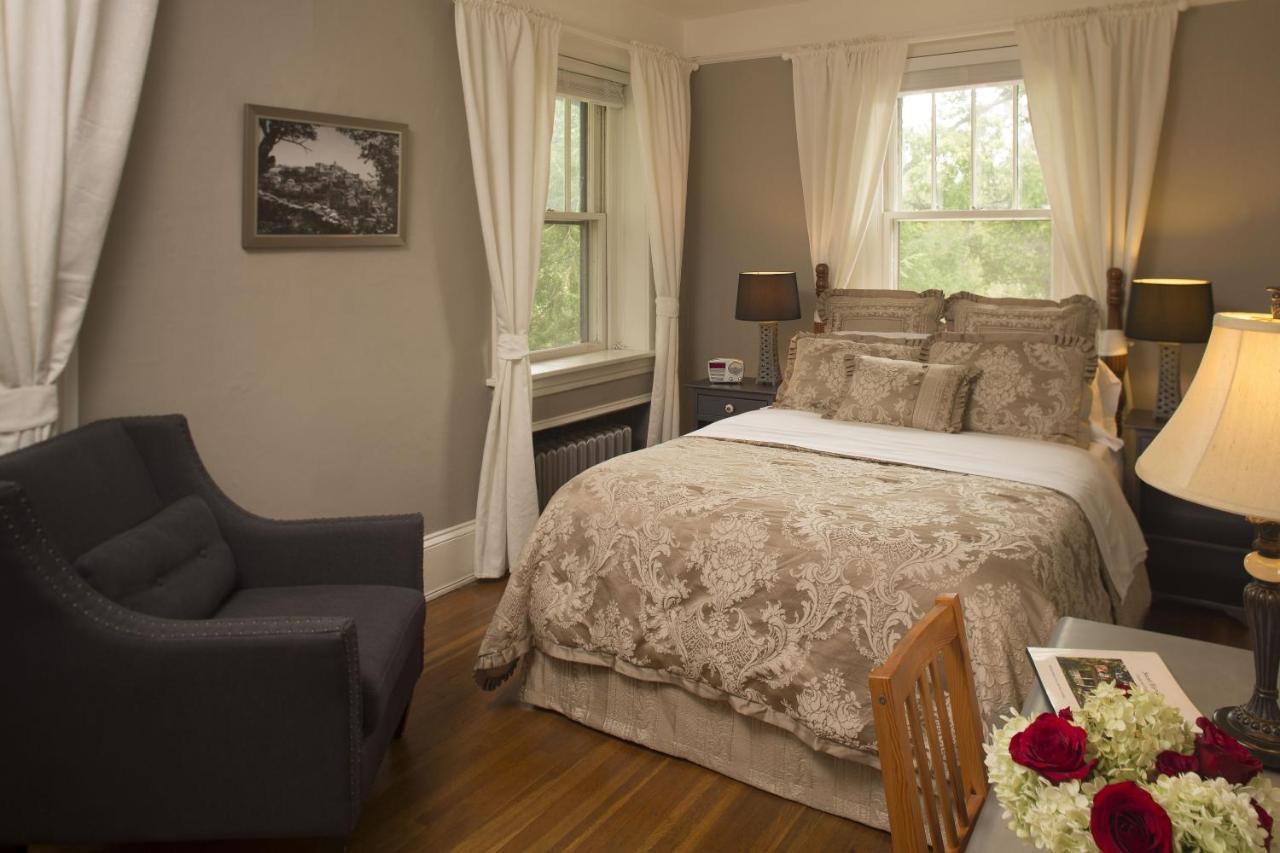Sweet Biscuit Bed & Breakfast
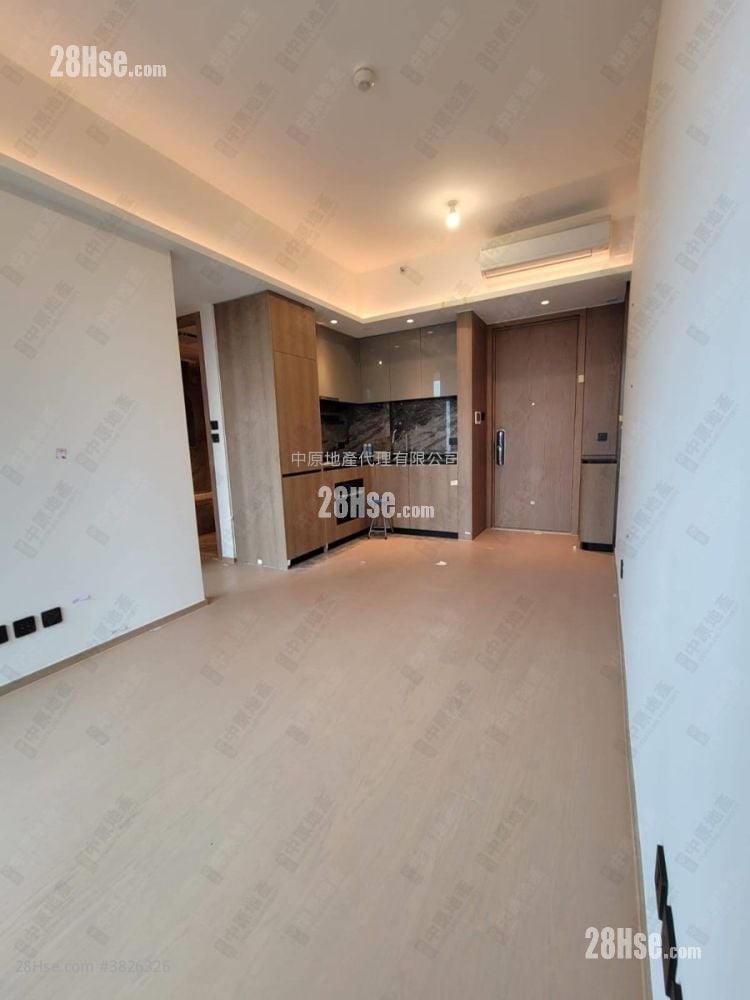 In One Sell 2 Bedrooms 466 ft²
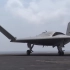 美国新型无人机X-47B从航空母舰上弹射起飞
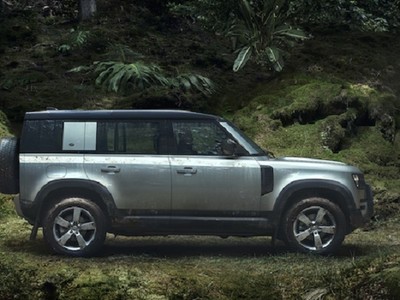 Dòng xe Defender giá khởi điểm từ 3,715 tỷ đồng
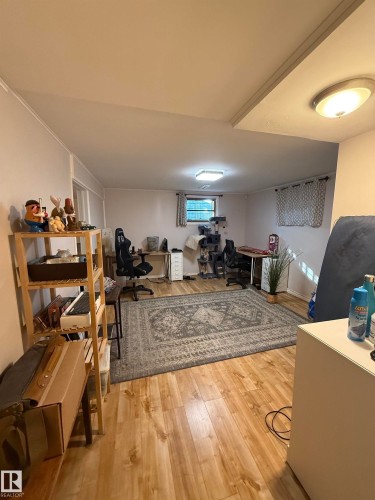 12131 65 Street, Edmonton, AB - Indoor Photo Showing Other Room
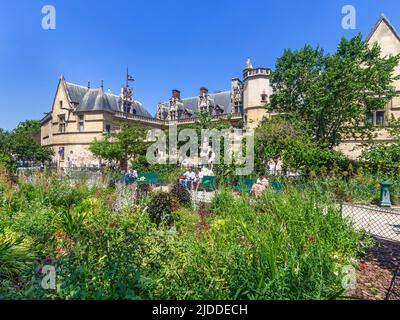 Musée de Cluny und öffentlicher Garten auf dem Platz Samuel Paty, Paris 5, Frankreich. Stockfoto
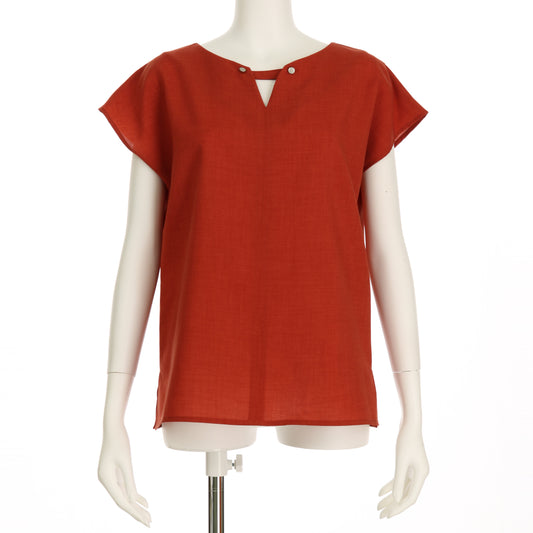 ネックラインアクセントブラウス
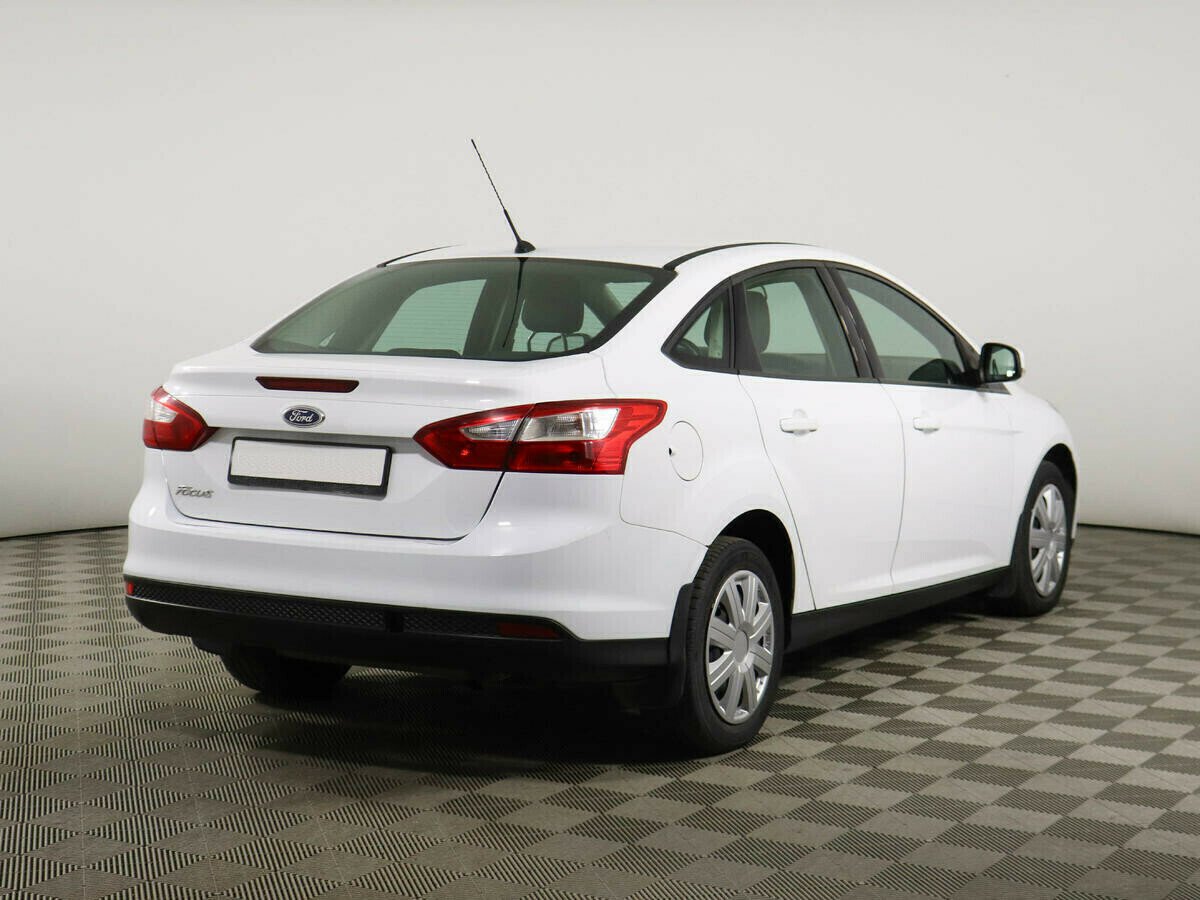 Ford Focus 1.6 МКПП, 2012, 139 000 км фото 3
************
:: Problem requirements ::
Word for word, repeat all of the entries above, leaving out the pictures.

:: Written reply ::
Sweet Biscuit Bed & Breakfast
 In One Sell 2 Bedrooms 466 ft²
 美国新型无人机X-47B从航空母舰上弹射起飞
 Dòng xe Defender giá khởi điểm từ 3,715 tỷ đồng
 12131 65 Street, Edmonton, AB - Indoor Photo Showing Other Room
 Musée de Cluny und öffentlicher Garten auf dem Platz Samuel Paty, Paris 5, Frankreich. Stockfoto
 ネックラインアクセントブラウス
 Ford Focus 1.6 МКПП, 2012, 139 000 км фото 3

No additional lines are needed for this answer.